La seconde évolution est plutôt épistémologique. La crise de 2008 a porté un rude coup à la façon traditionnelle de faire l’économie. Elle a rendu crédible une approche hétérodoxe de l’économie s’opposant à la vision économique orthodoxe qui dominait jusqu’alors. Fervents croyants du marché, les orthodoxes n’ont pas su prévoir la catastrophe de 2008, alors que dans la sphère méconnue des hétérodoxes, certains, comme Dean Baker ou Wynne Godley l’avaient prévue ou au moins envisagée. Les travaux et théories hétérodoxes ont ainsi été dévoilés au grand public : c’est notamment le cas des départements post-keynésiens des pays anglo-saxons, qui ont théorisé la version actuelle de la MMT.

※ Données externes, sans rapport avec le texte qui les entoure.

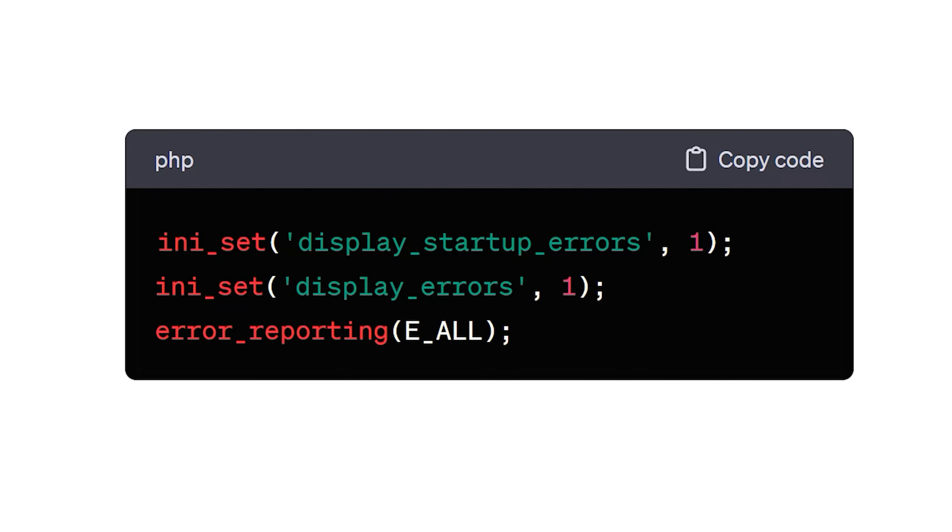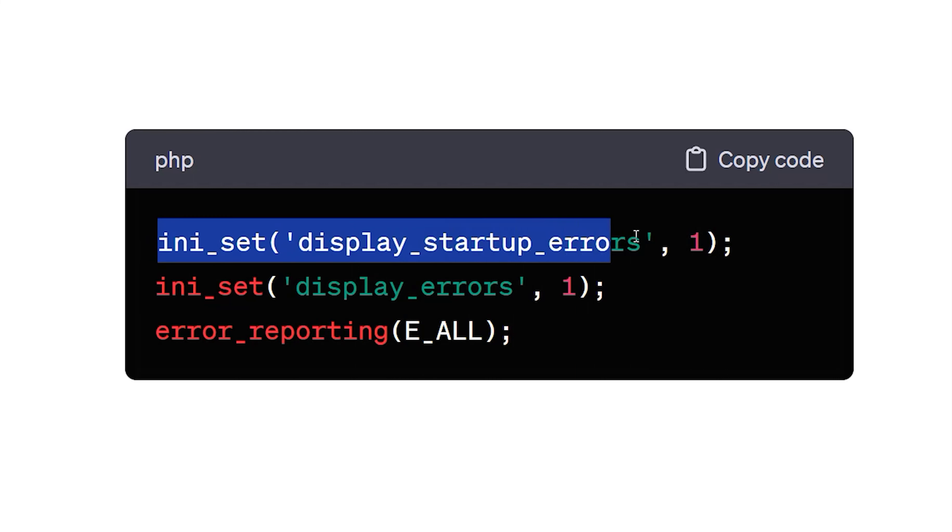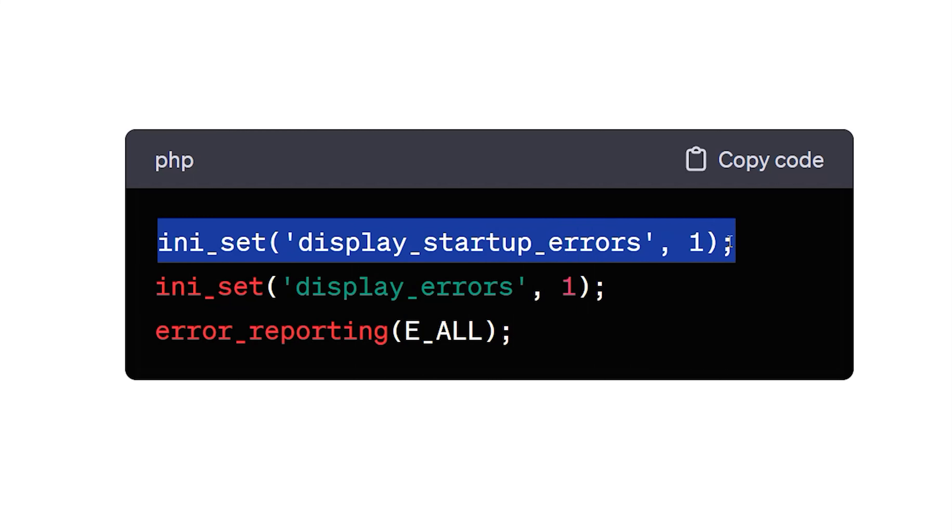Here's the code snippet. This line instructs PHP to display errors that occurred during the startup phase of your script. These errors can be crucial in diagnosing issues early in the execution process.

La troisième et dernière évolution expliquant la postérité actuelle de la MMT dans le débat public est la persistance depuis 2008 d’une faible inflation, et ce malgré une considérable évolution de la masse monétaire en circulation. À en croire la théorie quantitative de la monnaie, une hausse de la masse monétaire doit entraîner une hausse de l’inflation. C’est l’un des arguments majeurs contre la MMT et l’utilisation de l’outil monétaire pour financer le déficit. Or, depuis le lancement, en novembre 2008, du premier QE par la Fed, la Banque centrale américaine, l’inflation est restée à des niveaux historiquement bas. Cela semble aller dans le sens des partisans de la MMT : il peut y avoir création monétaire sans hausse de l’inflation. La figure ci-dessous compare l’évolution aux États-Unis du taux d’inflation mois par mois (en rouge) et l’évolution de la masse monétaire au sens large (M3) semaine par semaine (en bleu). La monnaie en circulation a été multipliée par quatre entre 2009 et 2015, tandis que le taux d’inflation est resté relativement stable.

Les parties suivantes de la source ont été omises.